The self-identity of “postmodern biblical criticism” depends on setting up a long list of binary oppositions between postmodernism and its fantastic Other, historical criticism. As with all such attempts, it results in a simplistic caricature which is a convenient object of polemic and self-construction, but which oversimplifies the amorphous and diverse forms of criticism which have been carried out under the heading “historical criticism”.

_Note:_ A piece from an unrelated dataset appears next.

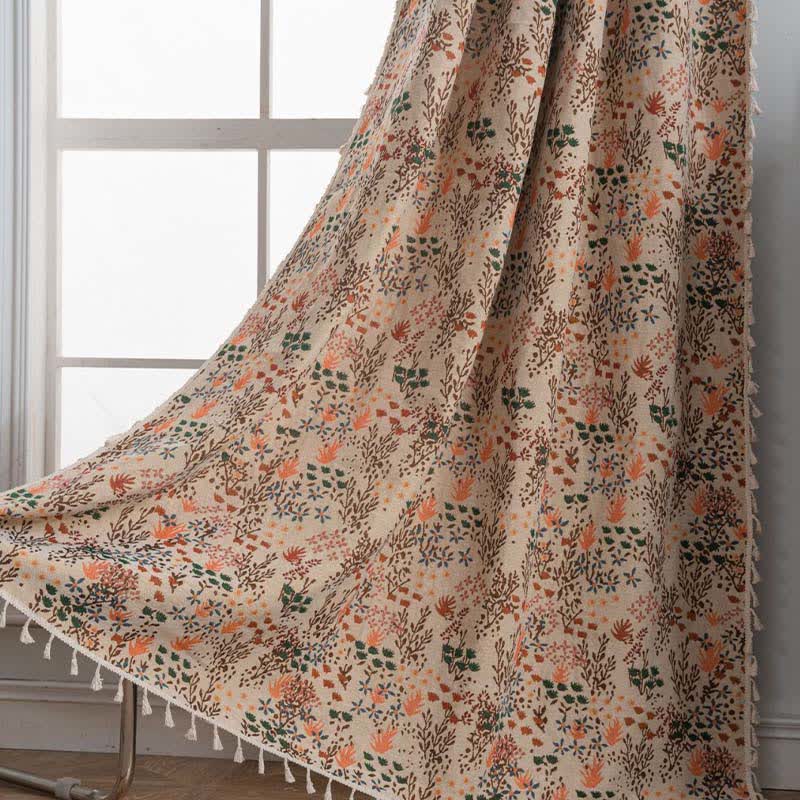 Nature-inspired Leaf Jacquard Tassel Curtain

It is a commonplace that historical critics conceived of their work as “objective”. But what does this mean? Objectivity is itself a slippery term; it can range in meaning from an assertion about (ontological) realism to one’s (epistemological) scientific basis for conclusions to a claim about lack of personal bias (of the subject). The accusation that historical critics claimed objectivity suffers from this ambiguity, which has been rhetorically useful when it is employed as an accusation by a system of thought which valorizes the personal and subjective.

But objectively (and I mean, in fact) did historical critics ever claim to be “objective” in the sense of complete absence of bias? Or when they talked about “objectivity”, was this not in a context of historical opposition to those biblical scholars who proceeded on theological and dogmatic assumptions? Is the attack on the false “objectivity” of the past due more to the increased importance presently afforded to one’s personal situation than to any (objective) facts about the history of scholarship?

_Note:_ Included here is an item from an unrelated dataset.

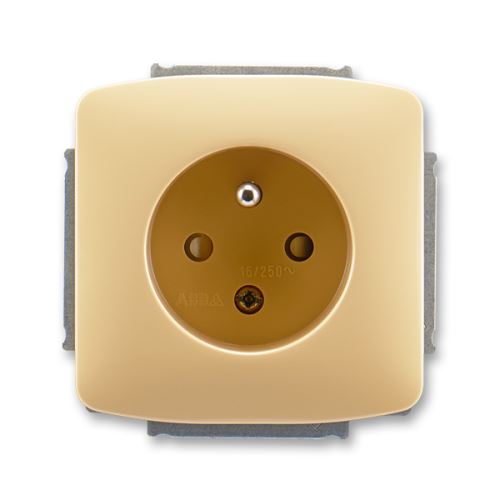 Zásuvka jednonásobná s clonkami, béžová, ABB Tango 5518A-A2359 D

“It has often been argued that attempts at ‘objective’ work involved the illusion of standing outside the stream of time and producing a result wholly independent of one’s own modern opinion. This argument is often used to discredit historical-critical studies. It is one of the many myths thought up by the fertile imaginations of anti-historical writers. For, of course, it is entirely untrue that the great historical critics like Harnack, or the great theorists of critical theory like Troeltsch, had any such idea of themselves.”

(James Barr, The concept of biblical theology: an Old Testament perspective, 206)

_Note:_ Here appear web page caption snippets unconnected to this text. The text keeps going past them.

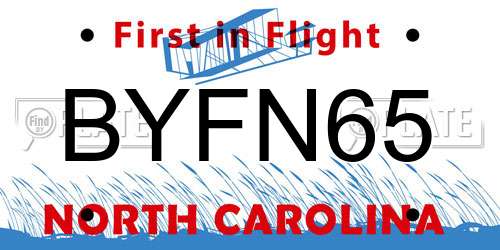 BYFN65 North Carolina License Plate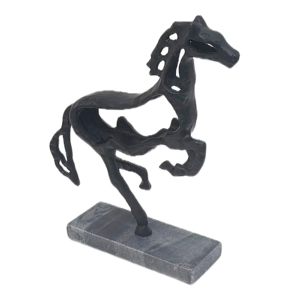 Scultura di cavallo al galoppo in metallo e marmo, statua decorativa per la casa, soggiorno, ufficio, mensola, tavolino da caffè - Product Image 4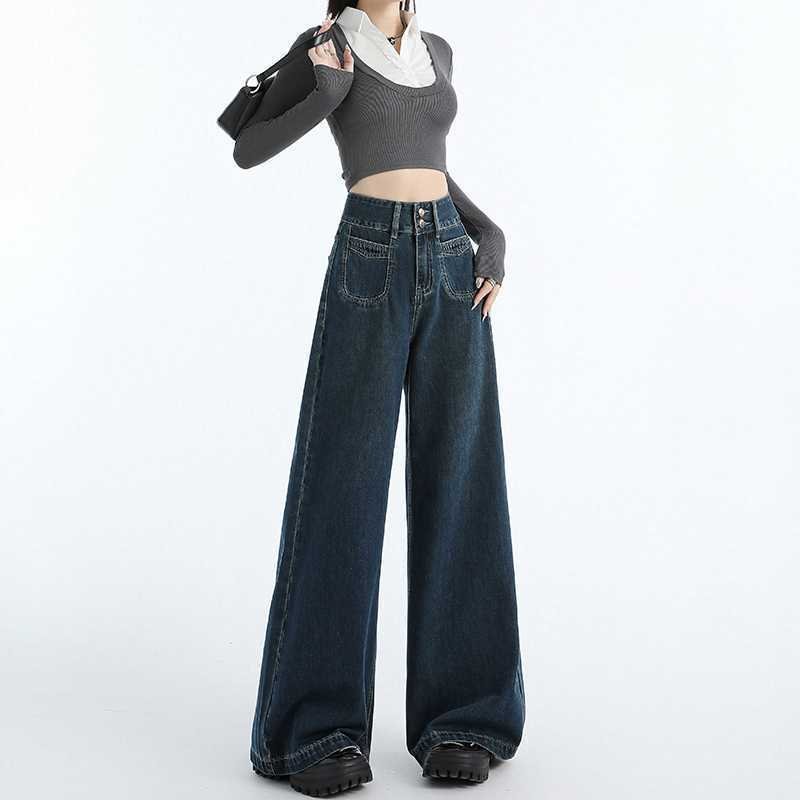 Draping Mop All-matching Straight Jeans For Women - Image 3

On the other hand, it is true that you are much more likely to find explicit contemplation of one’s subjective situatedness in contemporary biblical scholarship. Navel gazing has become much more accepted in biblical studies and in some cases an obsessive preoccupation. But it is this very trend towards subjectivism in biblical studies that casts suspicion on the current tendency of “postmodern biblical scholars” to paint previous generations of biblical scholars as their mirror opposites.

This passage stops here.